Exercise data:
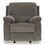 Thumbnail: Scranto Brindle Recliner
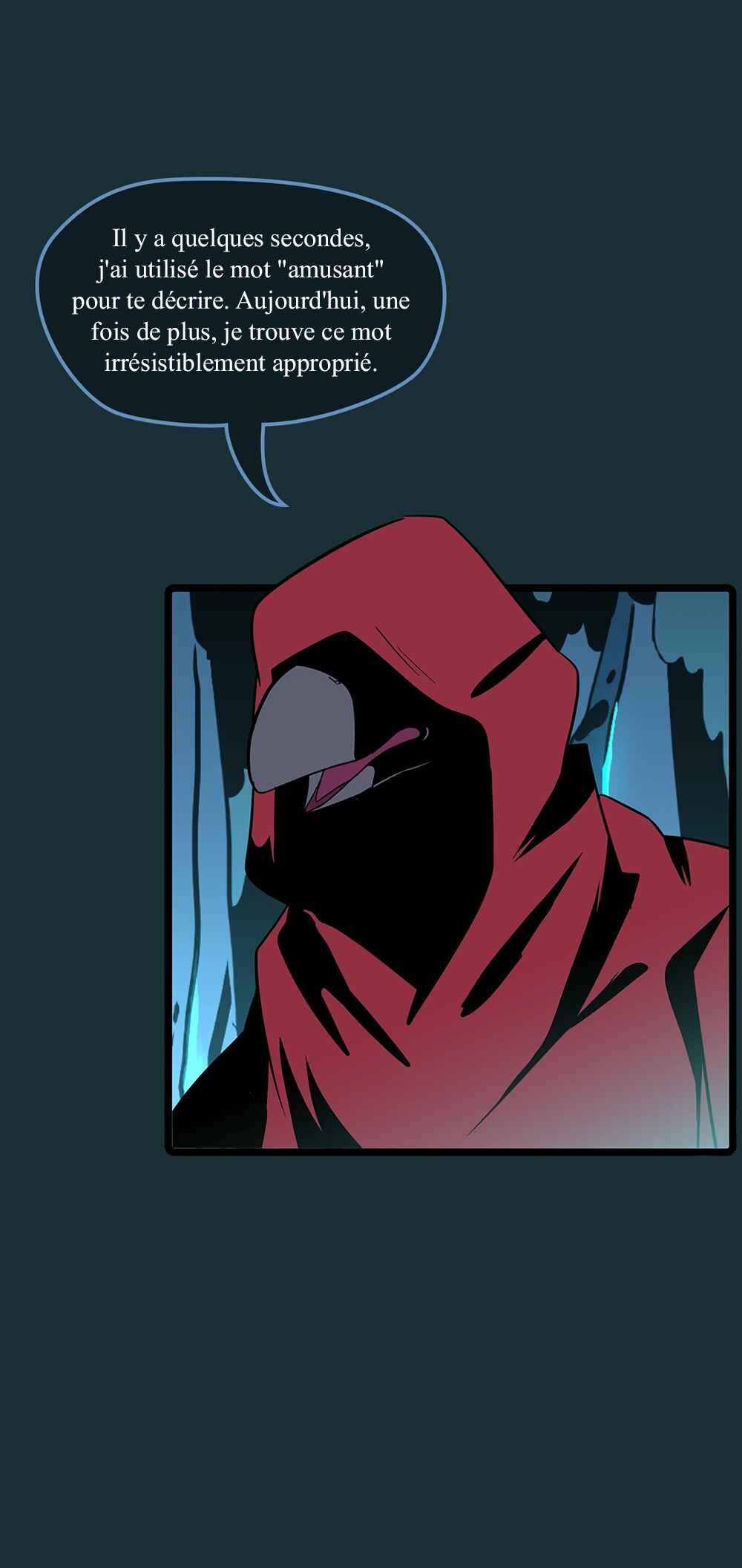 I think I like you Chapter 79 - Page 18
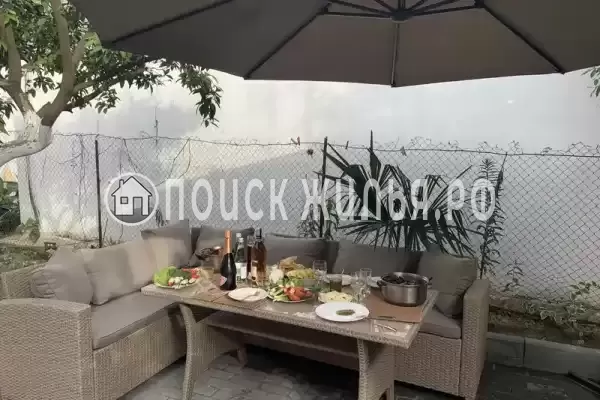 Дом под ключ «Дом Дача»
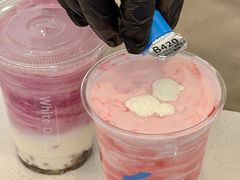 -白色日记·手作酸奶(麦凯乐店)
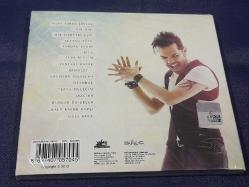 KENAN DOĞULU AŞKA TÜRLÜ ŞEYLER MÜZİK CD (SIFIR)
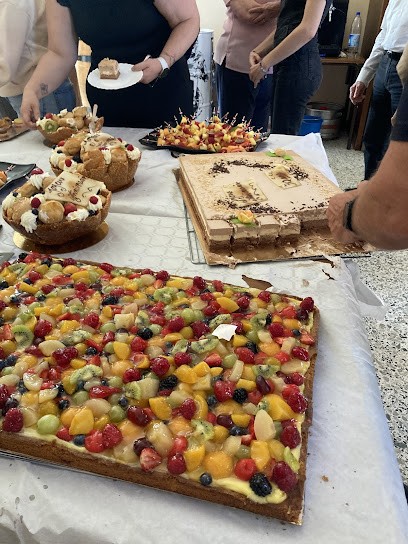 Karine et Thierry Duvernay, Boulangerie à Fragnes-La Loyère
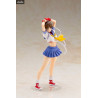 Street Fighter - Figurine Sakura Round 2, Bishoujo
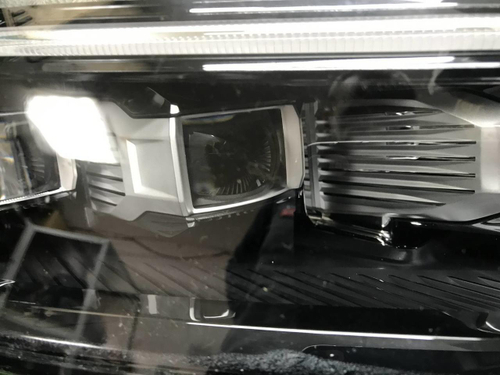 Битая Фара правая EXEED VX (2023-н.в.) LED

Work item:
Every line in the records is to be retyped exactly as it stands; the pictures stay out.

Solution to the problem:
 Thumbnail: Scranto Brindle Recliner
 I think I like you Chapter 79 - Page 18
 Дом под ключ «Дом Дача»
 -白色日记·手作酸奶(麦凯乐店)
 KENAN DOĞULU AŞKA TÜRLÜ ŞEYLER MÜZİK CD (SIFIR)
 Karine et Thierry Duvernay, Boulangerie à Fragnes-La Loyère
 Street Fighter - Figurine Sakura Round 2, Bishoujo
 Битая Фара правая EXEED VX (2023-н.в.) LED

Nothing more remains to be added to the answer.